**Supplied records**
═══
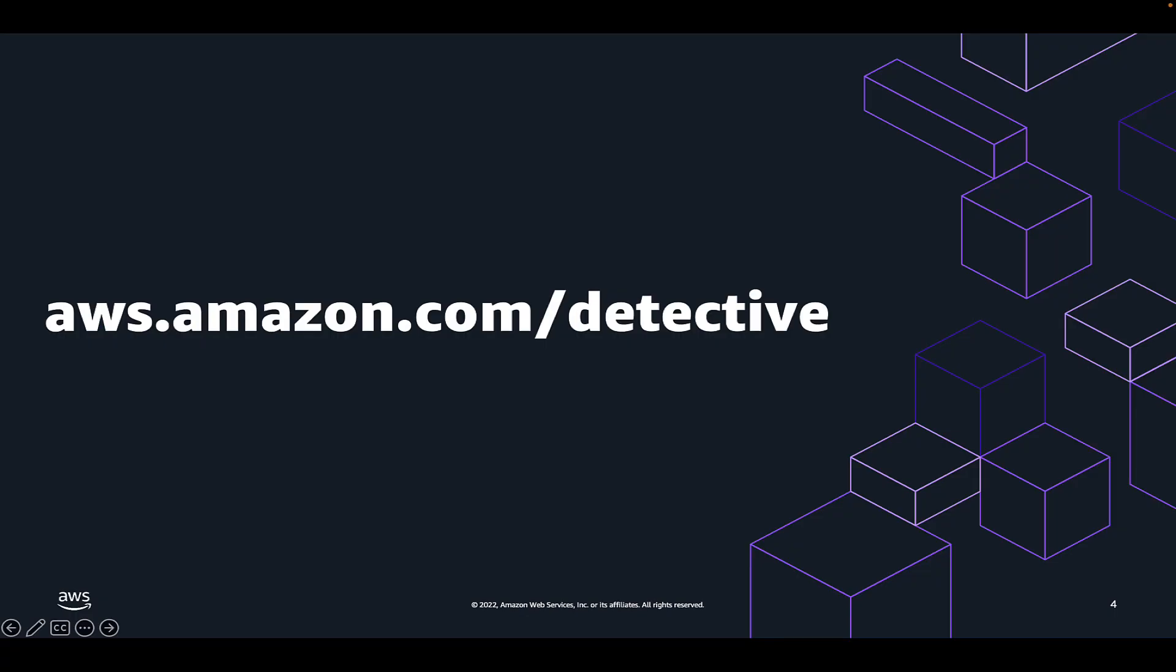Thanks everybody for watching this video on Amazon detective finding groups now including a dynamic visual representation of the behavior graph in detective. This helps emphasize the relationships between security findings and associated entities within a finding group. If you want to learn more about Amazon detective, please visit aws.amazon.com/detective.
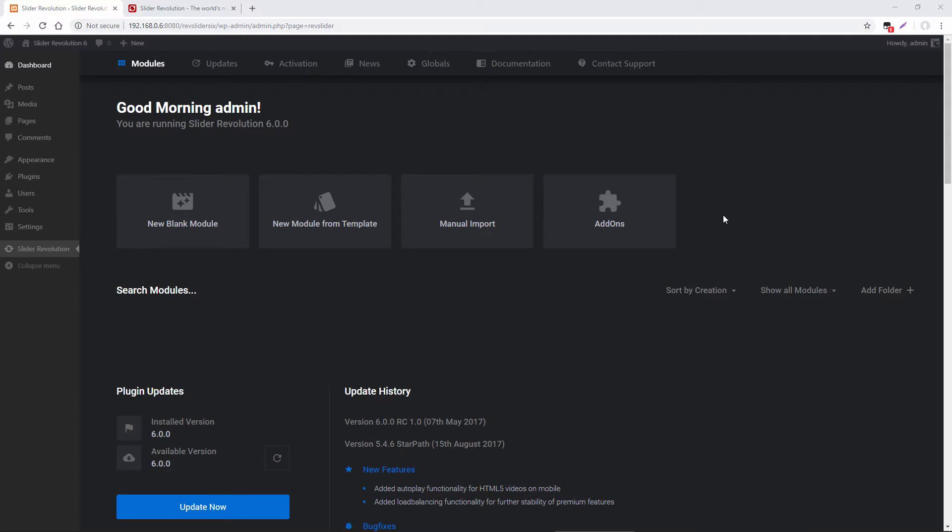Hey, Jason from ThemePunch here, and today I'm going to be showing you some of the great new features in Slider Revolution 6.0.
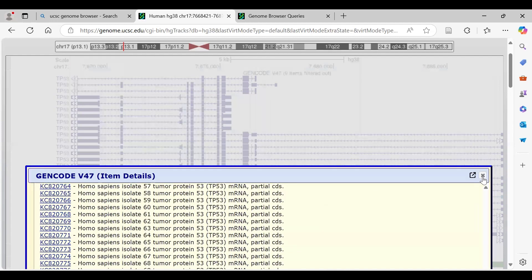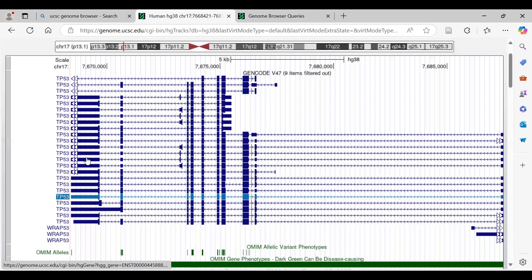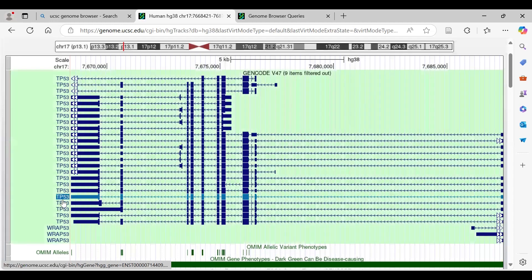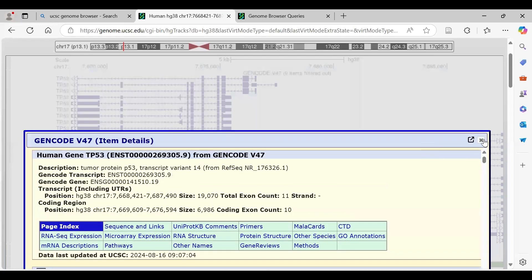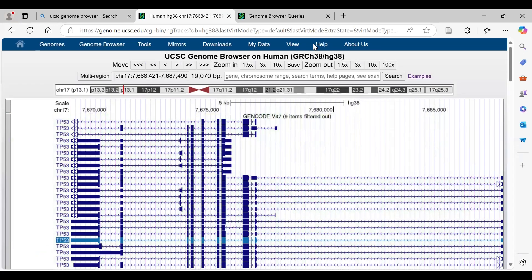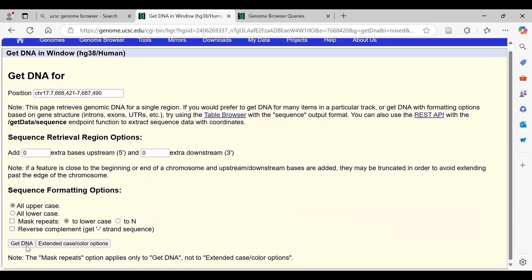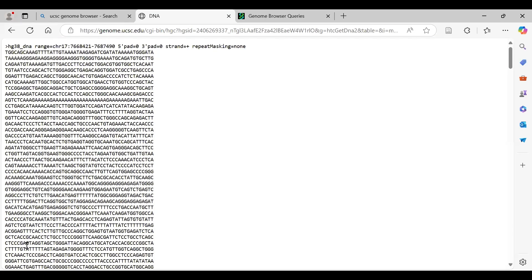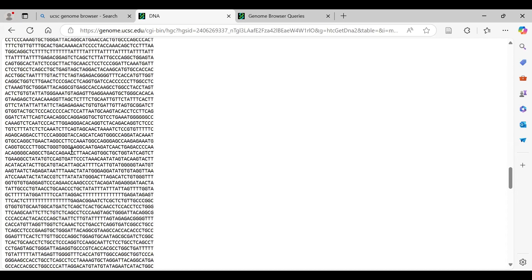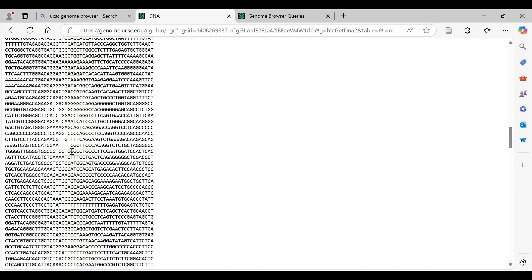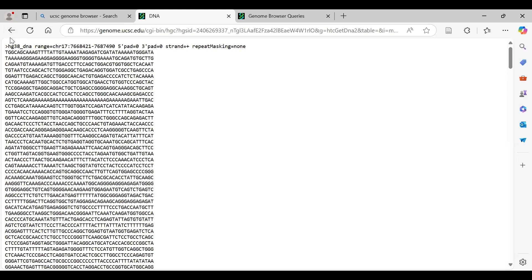If you want to retrieve the sequence, simply select the region, go to View, then DNA sequence. The position is already selected. Scroll down and click 'Get DNA' and you will get the FASTA sequence, which you can copy and use for further analysis.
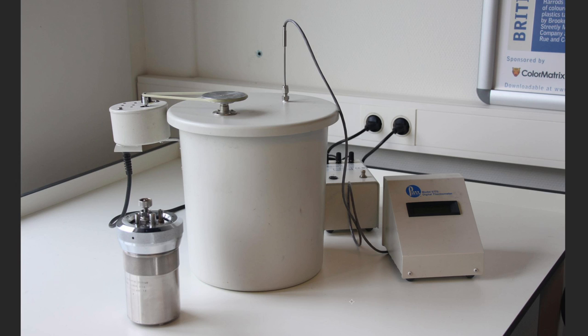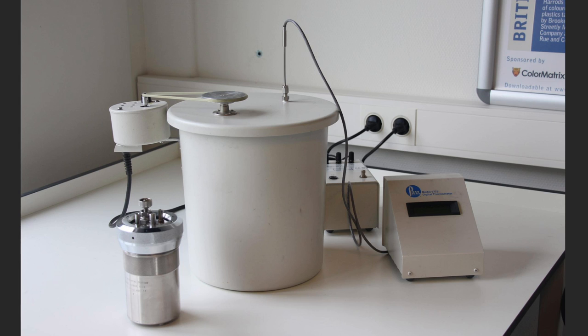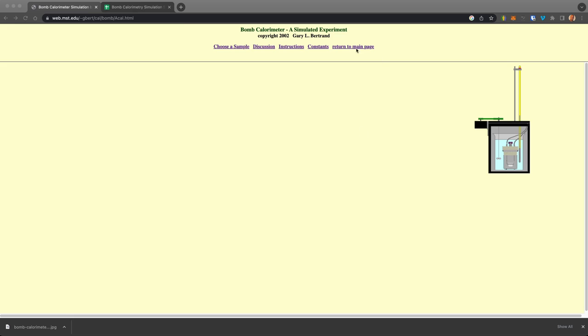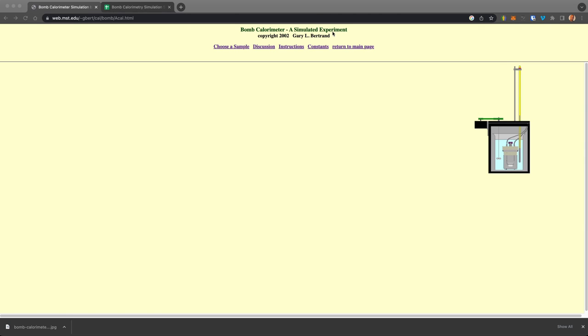So for online students doing this remotely, because of all the manual steps, is quite difficult. But we have simulators for this that are actually quite realistic in the data they give you. So here we've gone to a website where there's a freely accessible simulated experiment for bomb calorimetry.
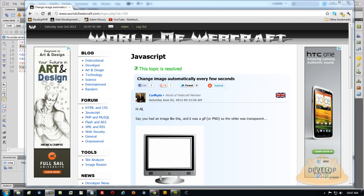In today's video lesson we will be tackling a JavaScript topic at the World of Webcraft forums. First we'll take a peek at the forum topic, second we'll quickly take a look at the finished tutorial example made to answer the topic, and then we'll begin the lesson.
═══
**Task description**
Although pictures appear among the entries, please set down only the lines from the one with "If you want to retrieve" up to and including the one with "So for online", word for word.

**Written answer**
If you want to retrieve the sequence, simply select the region, go to View, then DNA sequence. The position is already selected. Scroll down and click 'Get DNA' and you will get the FASTA sequence, which you can copy and use for further analysis.
So for online students doing this remotely, because of all the manual steps, is quite difficult. But we have simulators for this that are actually quite realistic in the data they give you. So here we've gone to a website where there's a freely accessible simulated experiment for bomb calorimetry.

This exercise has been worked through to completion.